Philippines: Learning Behind Bars
June 23, 2014
- Despite the high literacy rate in the Philippines (86.4% as of 2008), there are still many Filipinos who cannot read and write.
- Mobile teachers are able to reach disadvantaged Filipinos including those in remote areas.
- The government’s Alternative Learning System (ALS) supported by the World Bank provides both education and livelihood skills.
Butuan City, Philippines – “Thank you Lord for all the blessings I receive each day,” reads the opening line of a short, hand-written letter in Filipino. Written in script on a school notepad, the letter appears to be from a grade-schooler at first glance.
A quick read of the rest of the note however gives a better idea of the letter-sender. The letter is brief and direct, addressed to no one in particular, but acknowledges a teacher who has touched lives in Butuan’s city jail.
The sender is a shy, small man in his early 30s. He is among the 25 inmates in the jail who received lessons in basic literacy from a mobile teacher assigned here for four years.
“I would like to thank very much my teacher in ALS, Ma’am Buenafe Leop, for teaching me how to write and read,” the letter continues. ALS stands for Alternative Learning System, a program under the Department of Education which provides basic literacy and livelihood skills to out-of-school youth, adults and differently-abled individuals across the country, particularly in remote locations.
Having finished only second grade, Marco (not his real name) shares his time in jail is not wasted, thanks to weekly lessons. Once a week, the 30 square meter visitor’s area is transformed into a classroom. A blackboard is set up adjacent to a rectangular-shaped table where inmates become learners, listening to the lesson for the day and completing activity sheets.
Under the program, students are referred to as ‘learners’ and are taught basic reading and math skills in most cases. ALS mainly targets out-of-school-youth but also provides livelihood skills such as bread-making, soap production and therapeutic massage, as requested by those in communities with many adult learners.
Jail officials say that the program is good for the detainees, most of whom have cases which are still being tried in court. When they leave detention , they are expected to have mastered skills they can use when they are reintegrated in society.
Beyond reading and writing, Marco writes that the program has also taught him
‘how to interact, make friends and to give to my fellow inmates.’
Having moved on to a different learner community, Ma’am Buenafe recalls Marco as among the most diligent in class, and is not surprised at his progress under the program. She shares that Marco always sought her assistance to ensure that he could continue with his education.

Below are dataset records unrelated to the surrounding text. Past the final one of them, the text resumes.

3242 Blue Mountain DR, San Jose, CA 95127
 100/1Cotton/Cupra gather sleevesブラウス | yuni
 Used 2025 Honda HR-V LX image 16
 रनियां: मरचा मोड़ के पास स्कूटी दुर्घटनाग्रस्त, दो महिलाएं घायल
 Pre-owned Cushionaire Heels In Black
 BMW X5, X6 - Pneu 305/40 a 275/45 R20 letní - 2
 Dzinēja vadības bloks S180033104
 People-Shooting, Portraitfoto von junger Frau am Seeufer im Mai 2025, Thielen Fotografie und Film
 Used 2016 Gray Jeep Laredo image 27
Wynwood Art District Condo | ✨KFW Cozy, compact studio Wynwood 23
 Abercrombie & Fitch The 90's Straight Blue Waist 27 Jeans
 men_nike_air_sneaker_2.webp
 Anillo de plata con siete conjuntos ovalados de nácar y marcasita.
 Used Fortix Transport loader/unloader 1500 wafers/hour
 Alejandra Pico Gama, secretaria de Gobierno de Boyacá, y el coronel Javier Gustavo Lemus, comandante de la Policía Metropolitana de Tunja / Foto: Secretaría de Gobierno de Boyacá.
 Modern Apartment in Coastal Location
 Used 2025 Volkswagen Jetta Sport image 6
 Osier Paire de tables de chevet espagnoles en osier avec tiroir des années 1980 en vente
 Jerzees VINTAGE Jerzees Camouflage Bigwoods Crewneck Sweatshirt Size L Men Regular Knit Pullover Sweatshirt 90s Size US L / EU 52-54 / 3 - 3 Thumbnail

“He wanted to be assured that he can continue with his lessons, even when he gets transferred to another detention facility in a different city as his trial progresses,” she says.
Marco had been a victim of bullying, and has been accused of homicide, but he remains hopeful in spite of his situation. He says he writes to his family frequently, and says that they were surprised when they first heard from him through his letters.
He shares that he even sees a positive side to being in jail, because otherwise he would not have learned to read and write. To him, it’s a sure stepping stone to a new beginning.
“Now I ‘m trying to make my dreams come true through ALS, although I am serving time in jail,” says Marco.